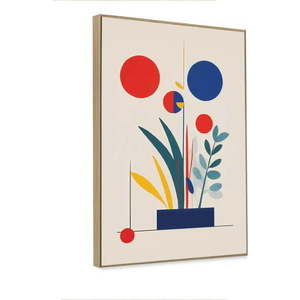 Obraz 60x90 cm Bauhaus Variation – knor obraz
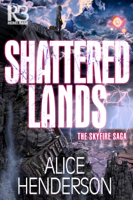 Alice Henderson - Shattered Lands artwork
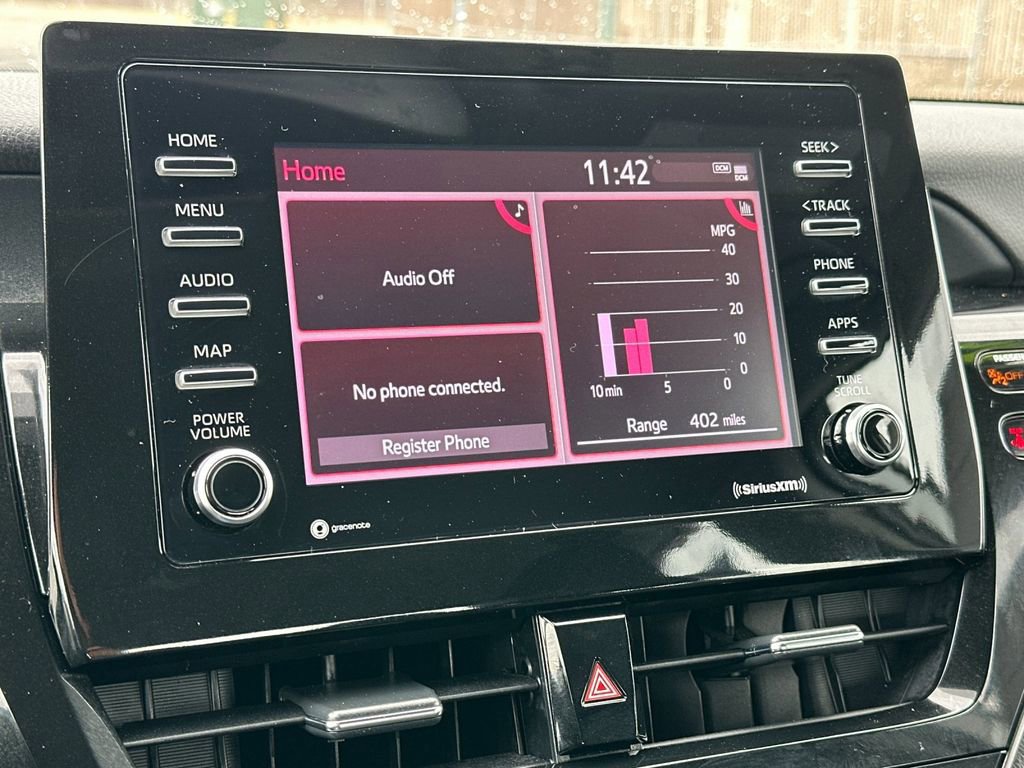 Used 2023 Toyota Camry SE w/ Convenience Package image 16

****

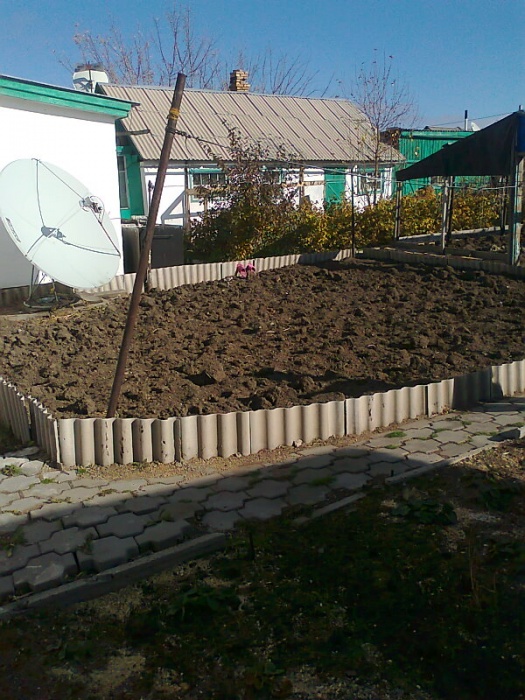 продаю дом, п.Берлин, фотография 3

****

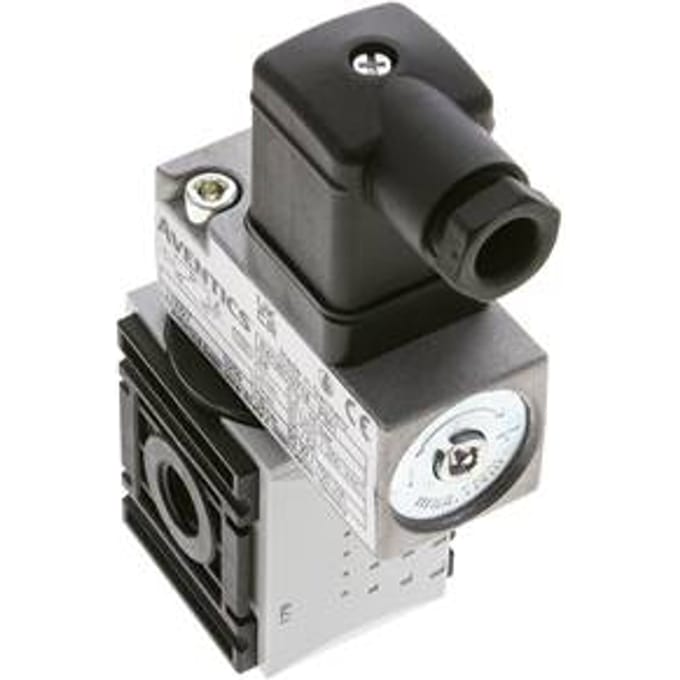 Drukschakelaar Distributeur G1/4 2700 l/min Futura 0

****

*Task statement*.
All that should appear in the answer is the lines above from the line with "Obraz 60x90 cm" through the line with "Used 2023 Toyota", retyped exactly, pictures left out.

*Reply*.
 Obraz 60x90 cm Bauhaus Variation – knor obraz
 Alice Henderson - Shattered Lands artwork
 Used 2023 Toyota Camry SE w/ Convenience Package image 16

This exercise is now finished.